We're thinking of going for a walk up Whernside in a few weeks and were wondering if anyone has wild camped around Ribblehead.

I seem to remember there's a small car park near the station.

http://maps.google.co.uk/maps?q=rib...ent=firefox-a&um=1&ie=UTF-8&sa=N&hl=en&tab=wl

Or failing that does anyone know if the people at the pub (The Station Inn) are up for people stopping over in the car park if you eat in the pub. Obvously I can give the pub a ring if I need to.

Any information much appreciated as usual.

Ta.

Paul and Jane


----------



## madeleine53 (Mar 23, 2008)

Hi. We've stayed in our MH in the pub car park. In fact there were 3 or 4 of us in 'vans. Mind you, we had spent a prodigious amount on food and drink and had sung and played (Folk) in the pub.
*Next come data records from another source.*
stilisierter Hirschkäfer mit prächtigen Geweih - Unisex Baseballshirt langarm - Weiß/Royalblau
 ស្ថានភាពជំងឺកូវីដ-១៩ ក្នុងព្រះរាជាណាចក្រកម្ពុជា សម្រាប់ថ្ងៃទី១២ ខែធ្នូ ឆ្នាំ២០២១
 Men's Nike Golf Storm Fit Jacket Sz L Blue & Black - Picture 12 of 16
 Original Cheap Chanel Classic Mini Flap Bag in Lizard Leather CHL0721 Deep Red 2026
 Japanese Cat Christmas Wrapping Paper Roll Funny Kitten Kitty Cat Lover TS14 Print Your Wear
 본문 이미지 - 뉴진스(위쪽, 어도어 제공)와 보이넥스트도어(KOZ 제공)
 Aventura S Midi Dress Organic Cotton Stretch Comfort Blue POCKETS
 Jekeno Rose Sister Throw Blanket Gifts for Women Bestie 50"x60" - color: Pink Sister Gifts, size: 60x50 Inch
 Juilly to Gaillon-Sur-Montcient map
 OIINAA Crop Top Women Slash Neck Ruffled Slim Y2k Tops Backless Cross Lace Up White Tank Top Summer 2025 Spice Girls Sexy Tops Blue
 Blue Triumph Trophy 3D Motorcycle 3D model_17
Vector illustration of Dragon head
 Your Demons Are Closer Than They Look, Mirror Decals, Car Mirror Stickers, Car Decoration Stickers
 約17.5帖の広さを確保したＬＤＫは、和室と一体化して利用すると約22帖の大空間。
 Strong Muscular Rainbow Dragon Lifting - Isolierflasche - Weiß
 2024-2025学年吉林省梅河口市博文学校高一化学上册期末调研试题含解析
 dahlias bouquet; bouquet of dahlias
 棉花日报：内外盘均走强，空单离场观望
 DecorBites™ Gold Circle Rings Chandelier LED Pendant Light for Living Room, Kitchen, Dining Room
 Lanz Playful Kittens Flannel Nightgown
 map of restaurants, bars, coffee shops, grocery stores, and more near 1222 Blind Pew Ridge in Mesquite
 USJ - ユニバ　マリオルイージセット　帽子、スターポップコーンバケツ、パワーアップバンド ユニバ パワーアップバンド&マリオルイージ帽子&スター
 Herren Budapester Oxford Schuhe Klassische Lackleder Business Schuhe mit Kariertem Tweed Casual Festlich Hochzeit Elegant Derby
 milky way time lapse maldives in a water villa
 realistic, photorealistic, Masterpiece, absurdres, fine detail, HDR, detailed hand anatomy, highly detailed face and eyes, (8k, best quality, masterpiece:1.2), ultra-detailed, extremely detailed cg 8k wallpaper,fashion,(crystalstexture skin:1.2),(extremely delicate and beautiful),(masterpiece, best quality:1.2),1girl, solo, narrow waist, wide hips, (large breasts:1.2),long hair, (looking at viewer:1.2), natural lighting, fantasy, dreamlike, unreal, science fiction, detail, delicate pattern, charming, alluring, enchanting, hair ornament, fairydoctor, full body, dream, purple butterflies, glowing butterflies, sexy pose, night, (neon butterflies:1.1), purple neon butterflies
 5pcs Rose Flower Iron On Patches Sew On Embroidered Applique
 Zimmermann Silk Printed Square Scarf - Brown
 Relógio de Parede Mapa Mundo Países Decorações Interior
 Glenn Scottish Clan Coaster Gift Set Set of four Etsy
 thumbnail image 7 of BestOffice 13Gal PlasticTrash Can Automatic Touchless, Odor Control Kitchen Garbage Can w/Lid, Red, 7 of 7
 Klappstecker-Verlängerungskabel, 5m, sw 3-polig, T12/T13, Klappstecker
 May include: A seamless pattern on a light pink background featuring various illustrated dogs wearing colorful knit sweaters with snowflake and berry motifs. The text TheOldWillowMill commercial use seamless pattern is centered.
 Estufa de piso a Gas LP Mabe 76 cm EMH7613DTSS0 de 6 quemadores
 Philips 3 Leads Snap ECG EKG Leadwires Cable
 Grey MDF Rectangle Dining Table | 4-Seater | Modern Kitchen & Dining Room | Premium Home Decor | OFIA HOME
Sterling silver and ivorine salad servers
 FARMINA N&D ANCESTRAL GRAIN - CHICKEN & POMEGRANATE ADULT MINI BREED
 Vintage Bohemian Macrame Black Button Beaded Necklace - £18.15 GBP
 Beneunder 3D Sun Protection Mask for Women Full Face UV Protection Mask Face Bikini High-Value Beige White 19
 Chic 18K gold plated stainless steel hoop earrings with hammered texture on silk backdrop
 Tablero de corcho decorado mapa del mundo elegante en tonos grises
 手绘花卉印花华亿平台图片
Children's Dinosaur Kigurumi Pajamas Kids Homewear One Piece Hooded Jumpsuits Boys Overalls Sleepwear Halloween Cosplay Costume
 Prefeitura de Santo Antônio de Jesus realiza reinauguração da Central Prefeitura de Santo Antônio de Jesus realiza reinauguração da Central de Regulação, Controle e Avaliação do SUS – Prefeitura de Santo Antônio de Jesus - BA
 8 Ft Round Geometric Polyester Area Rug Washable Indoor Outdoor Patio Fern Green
PS. The penultimate Saturday of every month it's the 3 Peaks Folk Club at the Settle Social Club. Starts 9pm. Cheap beer. The landlord lets MH's park in the Social Club car park (just for the folk club).


----------



## thegamwellsmythes (Jul 29, 2008)

Ta very much, that was just the sort of info we were after.

I think we'll contact the pub and head up there soon.

Thanks again.

Paul and Jane


----------